Cheryl Lani Juarez, 62, who was living in Country Walk when Andrew hit, said the second floor of her home didn’t stand up to the "three hours of horror."
"You could see the sky from the upstairs loft where the kids’ bedrooms were," she told ABC News. "You could see where two pieces of wood were not connected by nails."
Juarez said that when she walked outside, "it just did not look like our neighborhood anymore. Her neighbors' homes had faced similar destruction, and among the rubble that littered the ground, and recalled seeing piles of asphalt shingles that had not been properly attached to roofs.
"You don’t see that kind of stuff when you’re looking to buy a house," she said.
The homes in Country Walk were allegedly built so poorly that a grand jury investigation looking into the construction practices was launched and there were talks of criminal indictments on the builder, Olson said.
Homeowners eventually sued the builders, the New York Times reported in October 1992. Juarez confirmed that a settlement was reached out of court, but said she was not permitted to talk about it.
The shortcuts in construction resulted from pressure to accommodate Florida's population explosion in the 1970s and 1980s, Olson said.
"How do you build fast enough to handle that population growth?" he asked.
How Hurricane Andrew led to the strict enforcement of building codes in Florida
In 1992, the South Florida Building Code, which included Dade and Broward counties, had been considered one of the best in the country, but those standards were not adequately enforced, the Sun Sentinel reported.
In terms of building codes, "Florida took Andrew as a lesson learned," Koon said.
Prior to Hurricane Andrew, building codes were not "rigorously enforced," because "that tended to slow down construction and raise costs," Olson said.
"It changed –- forever -- building codes and especially building code enforcement, which Andrew proved to be inadequate, incompetent or avoidant," Olson said.
Two years after Andrew, the first post-Andrew version of the South Florida Building Code was published, and it focused on wind resistance and roof integrity, according to the Sun Sentinel. Improved roofing standards were among the first provisions, as well as impact-resistant windows or hurricane shutters on new buildings. In addition, cheaper materials like particle board were prohibited.
The first statewide building code took effect in 2002 and continues to serve as the basis of the state's building code, the Sun Sentinel reported. It superseded local codes, while also incorporating the stronger Borward and Miami-Dade County provisions.
Construction cranes in Miami can't withstand Category 5 winds
The construction cranes in Miami are only able to withstand winds up to 145 mph, the City of Miami said in a press release Tuesday.
Officials told residents near the construction cranes to evacuate.
"The crane's arm has to remain loose; it is not tied down," the press release said. "The arm's counterbalance is very heavy and poses a potential danger if the crane collapses."
There are currently up to 25 construction cranes throughout the city. Hurricane Irma's winds are clocking in at 185 mph.

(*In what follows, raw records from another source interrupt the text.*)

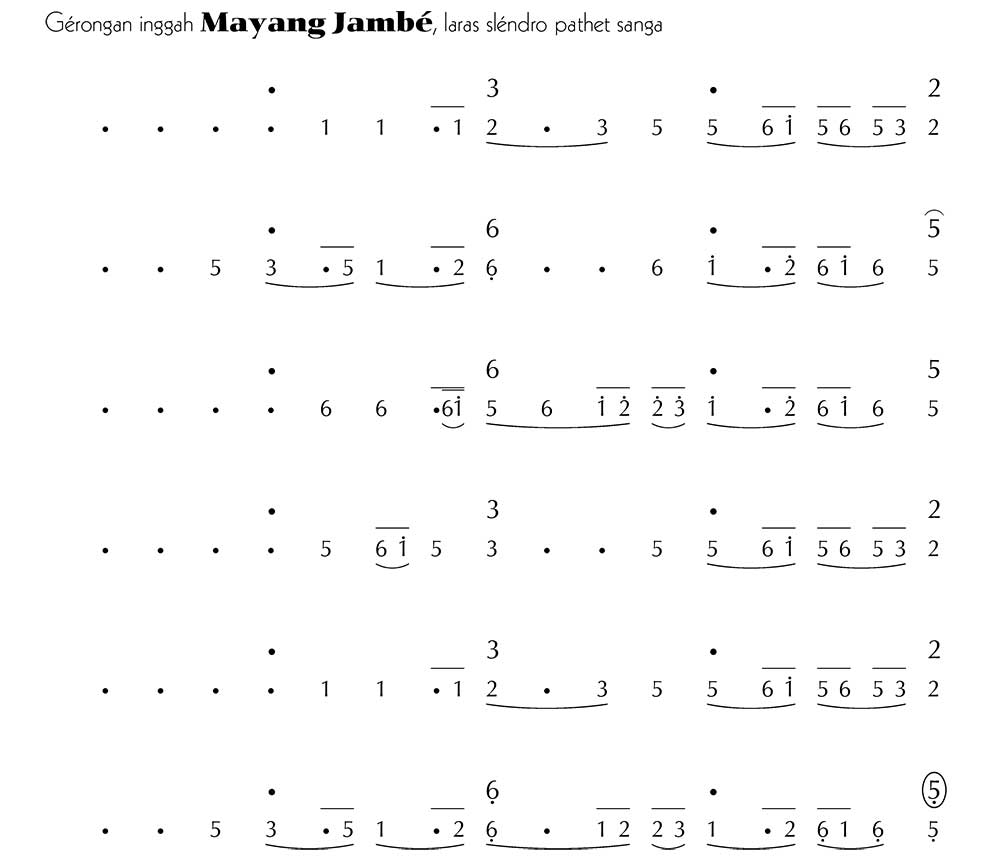 Gerongan Mayang Jambe Slendro 9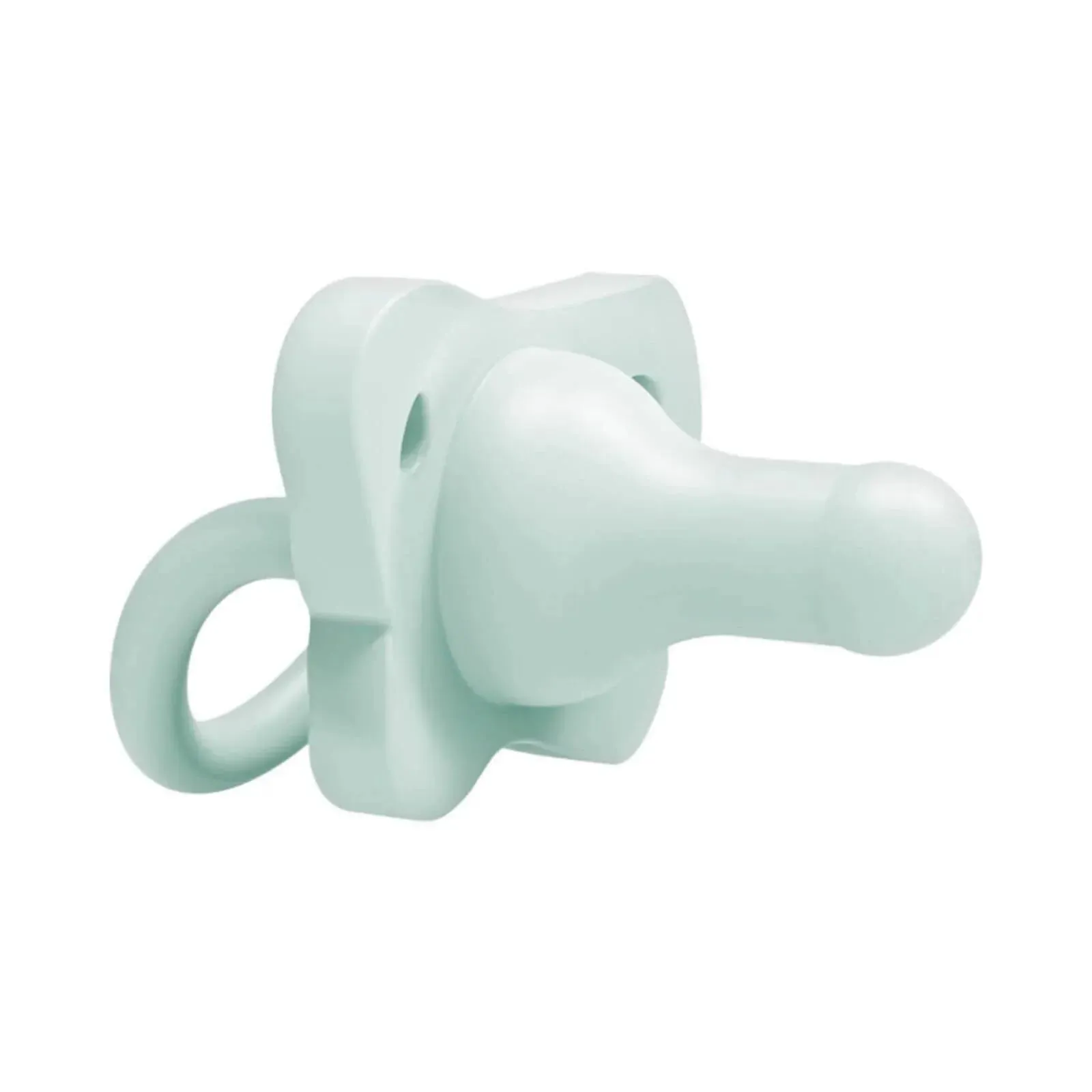 Dr. Brown's One Piece Silicone Soother 0  months Pack of 2 - Blue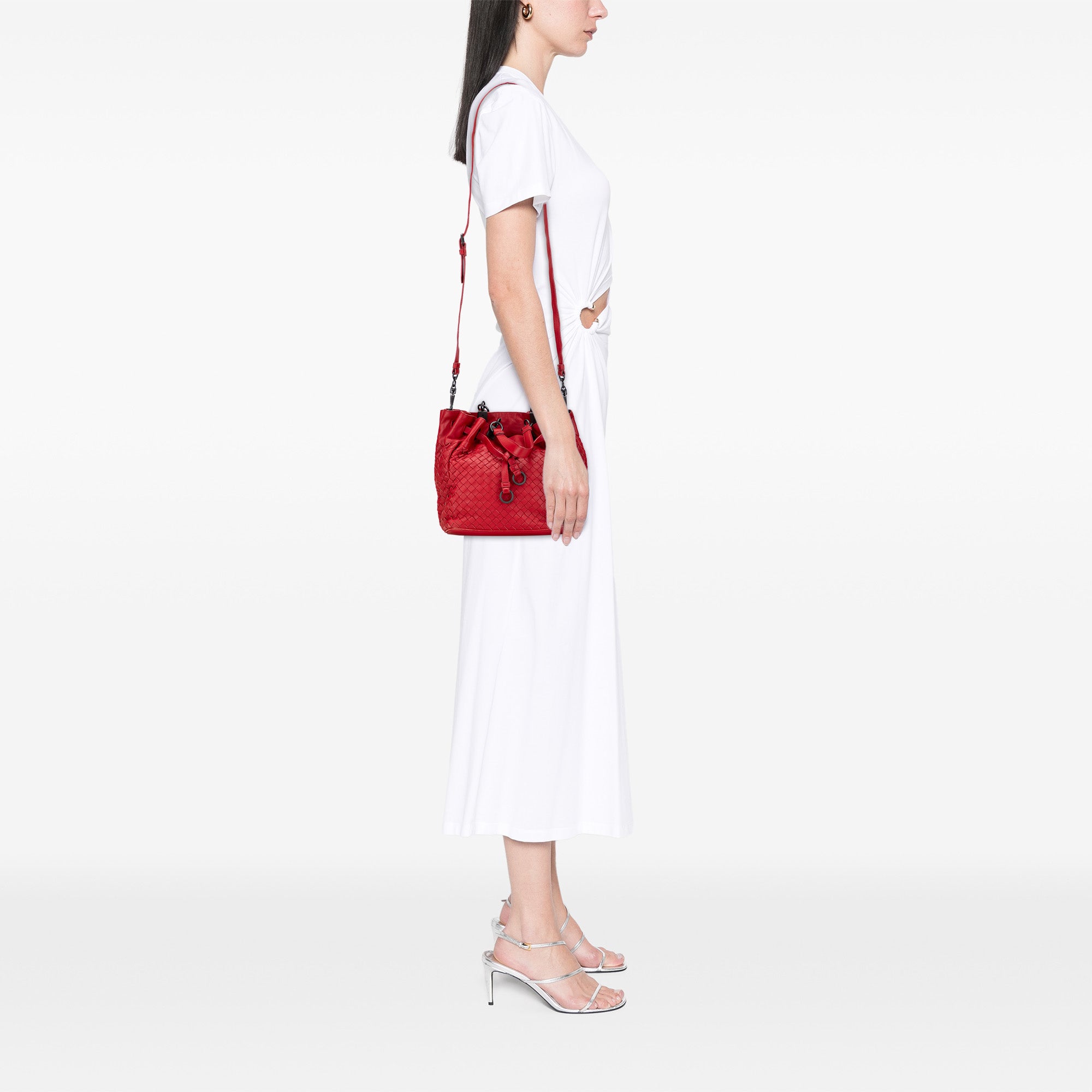 Nappa Intrecciato Bucket Bag - Image 9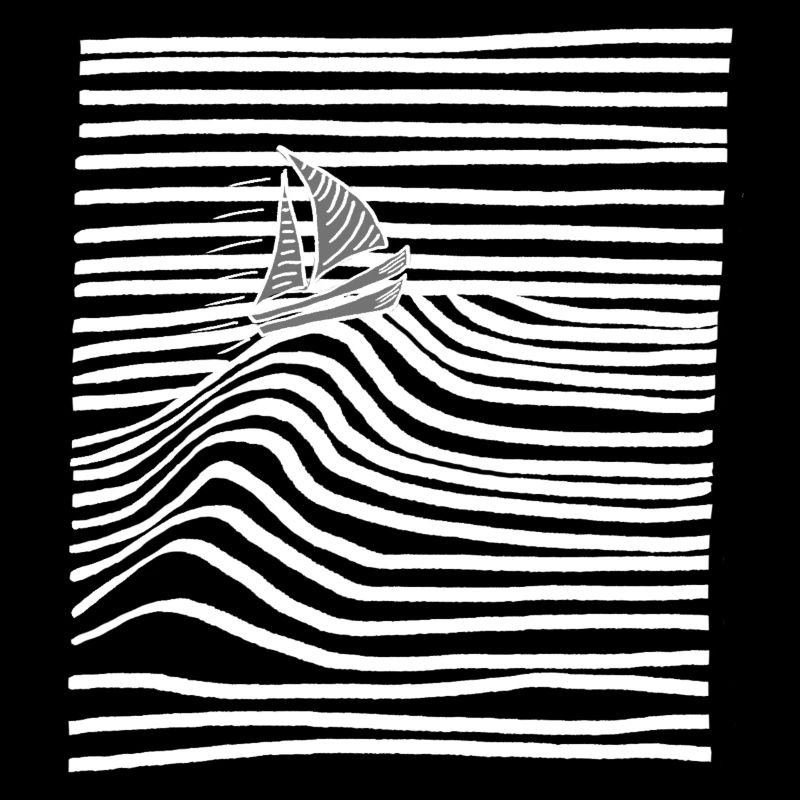 Boat on wave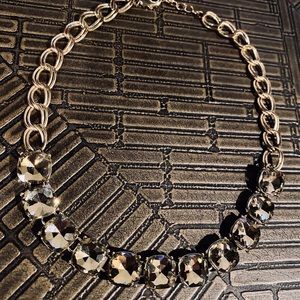 Gold & Crystal Statement Necklace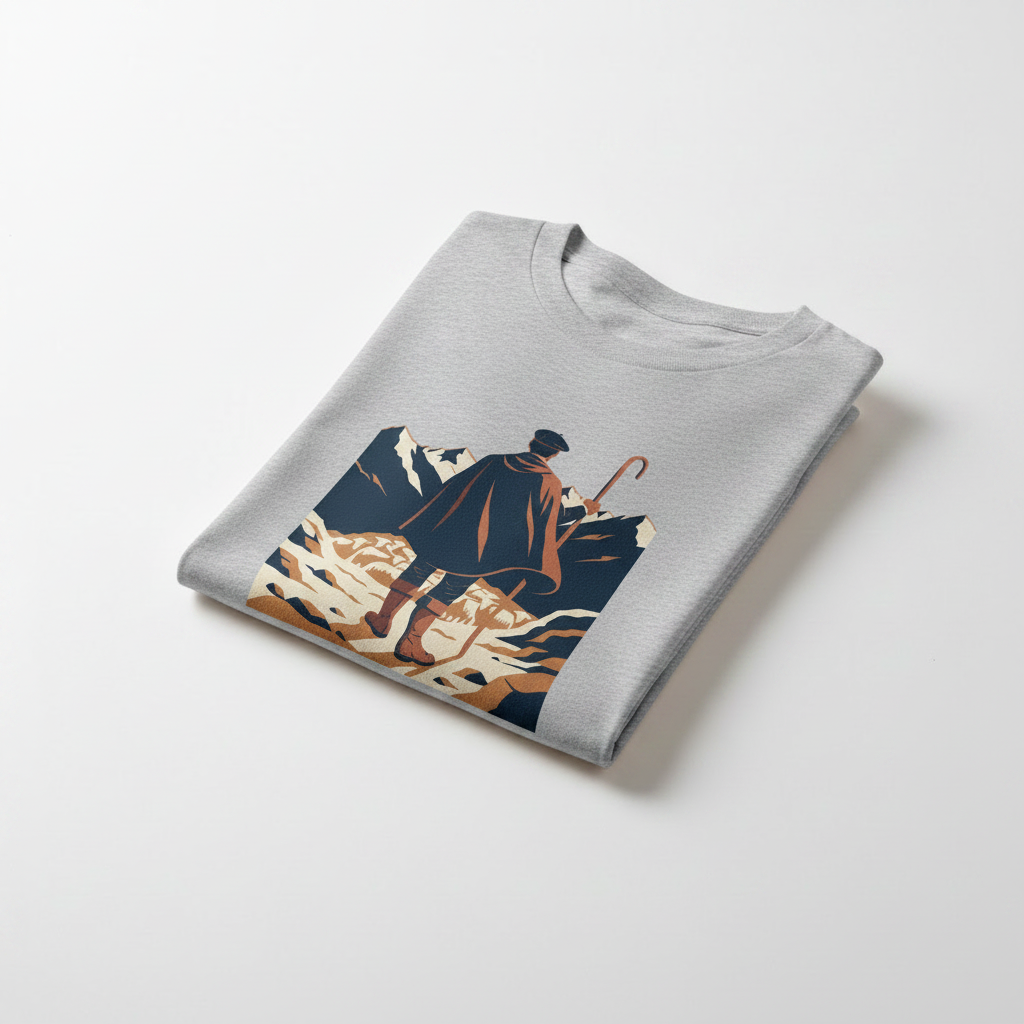 T-shirt gris chiné plié design haut poitrine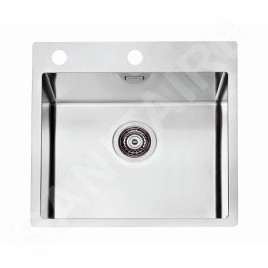 Alveus Pure - Évier 515x525 mm, avec commande de vidage, inox 1103609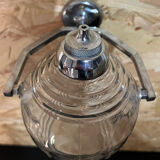 Ancien distributeur de savon liquide verre et métal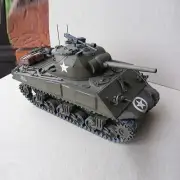 DIY 1/25 Scale USA Sherman M4A3 Tank Paper Model Military Tank Paper Model Scene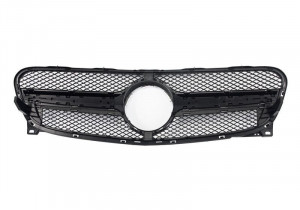 Grila Centrala compatibil cu MERCEDES Benz GLA-Class X156 2014-2016 GLA45 Desing Silver - Img 2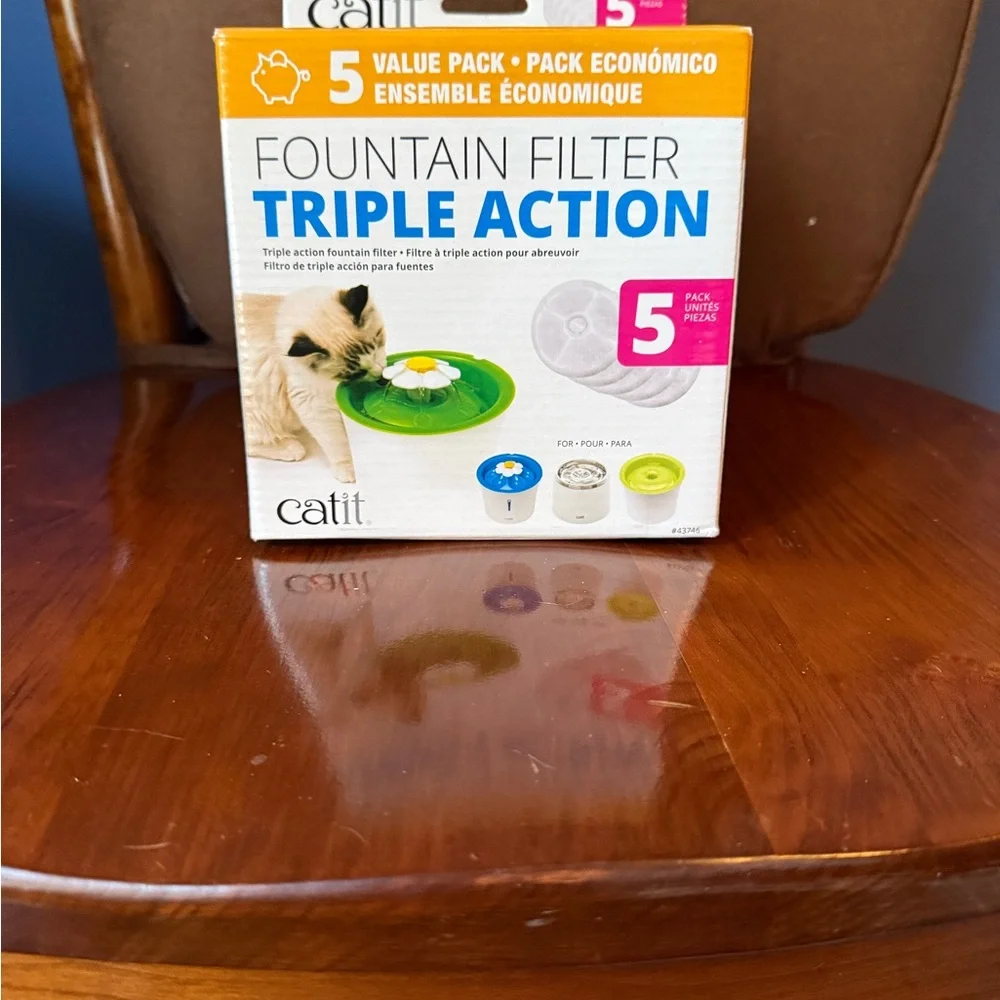 Catit Fountain Filter Triple Action- Only 2 in Pack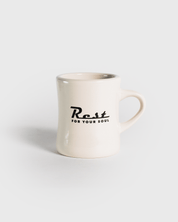 "Rest Motel" Retro Mug - Proclamation Coalition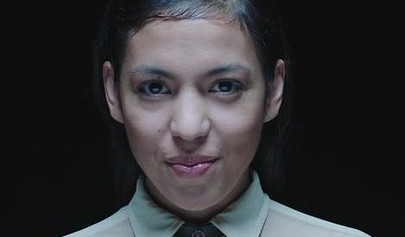 Sexy Lina Bembe gets interviewed before she strips her clothes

Power companies are bracing themselves for the storm
Since the 2004 and 2005 hurricane seasons, billions of dollars have been spent in hardening the infrastructure of Florida's 57 utilities companies, five of which are overseen by the Florida Public Service Commission, Koon said.
Emergency management teams in Tallahassee are preparing the power grids for the storm, Scott said in a press conference Tuesday evening.
When the storm passes, the first thing residents want to do is go home," Scott said. But, they "can't go back home without power," the governor said.